CRYSTAL LAKE – To onlookers’ amazement, Henry Ekildsen repeatedly threw a long tubular light down on to the hard tile floor of McHenry County College’s gym.
Then, he picked up the bulb, still intact.
Next, Ekildsen clicked the tube into an overhead lighting fixture, where it blinked on and emitted a warm light over the area.
Ekildsen, working for SEESMART Inc. Earth Friendly Solutions, had just demonstrated the durability of an LED tube light.
Although the tube Ekildsen threw looked like a regular florescent bulb it was in fact a series of light emitting diodes inside a plastic tube. And, it offered “superior efficiency,” a “longer life span” and was “safer” than the old standbys, he said.
SEESMART, with sales offices in Crystal Lake and Wauconda, was just one of 64 businesses and organizations sharing environmentally-friendly products and services Saturday at the second annual Green Living Expo.

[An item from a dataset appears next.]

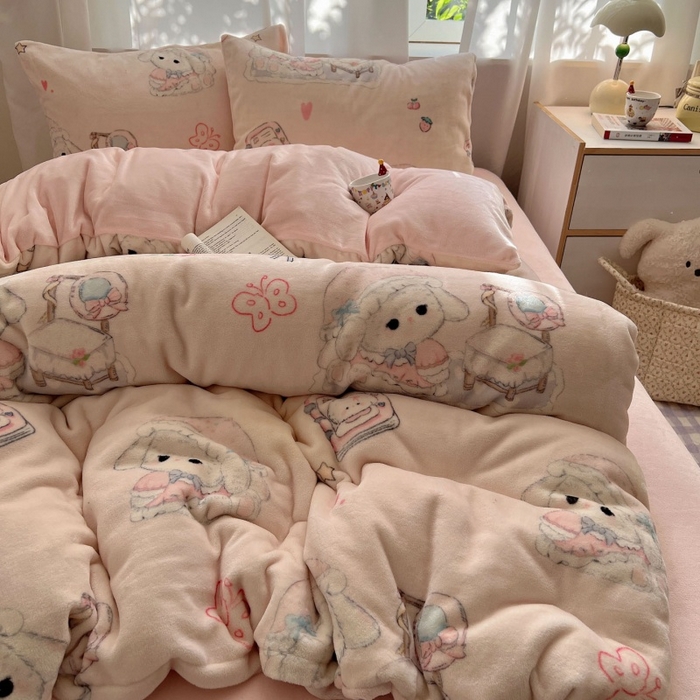 91家纺网 家纺一手货源 找家纺 红嘴企鹅 2025新款精致印花牛奶绒四件套 牛奶绒-生日Party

Two battery-powered lawn mowers presented by men with the Lou Marchi Total Recycling Institute and the LED display were among most visually attention-getting displays.
Although McHenry County is a leader in efforts that benefit the environment – it was the first county in Illinois to enforce a residential recycling law and more than 71 percent of the county’s 214 miles of highway are taken care of by Adopt-A- Highway volunteers – only recently have events such as the Green Living Expo come to fruition.
“A lot of the ideas wouldn’t have had traction 10 years ago,” said Caron Wenzel, chairwoman of the steering committee to host the college’s first official Bioneer Conference. The educational event also was held Saturday, in tandem with the expo.
“Today, with the popularity of thinking about your life as part of a system ... and things like farmers markets, there is a more welcoming climate,” Wenzel said. “And that is huge because it is needed.”
The Woodstock resident, who works in environmental education and consulting, said the impressions she got from the more than 50 visitors to the expo and 80-some people at the conference was that area residents are ready to change and that they are looking for ideas and people to help them.
Although there have been three previous Bioneer gatherings at the college, this was the first recognized by the official Bioneers group – a nonprofit educational organization that highlights breakthrough solutions for restoring the planet, its website said.
The conference featured speakers including Bill Wilson, co-founder of Midwest Permaculture, and sessions that addressed the smart grid, local food, water issues, earth ethics and climate change.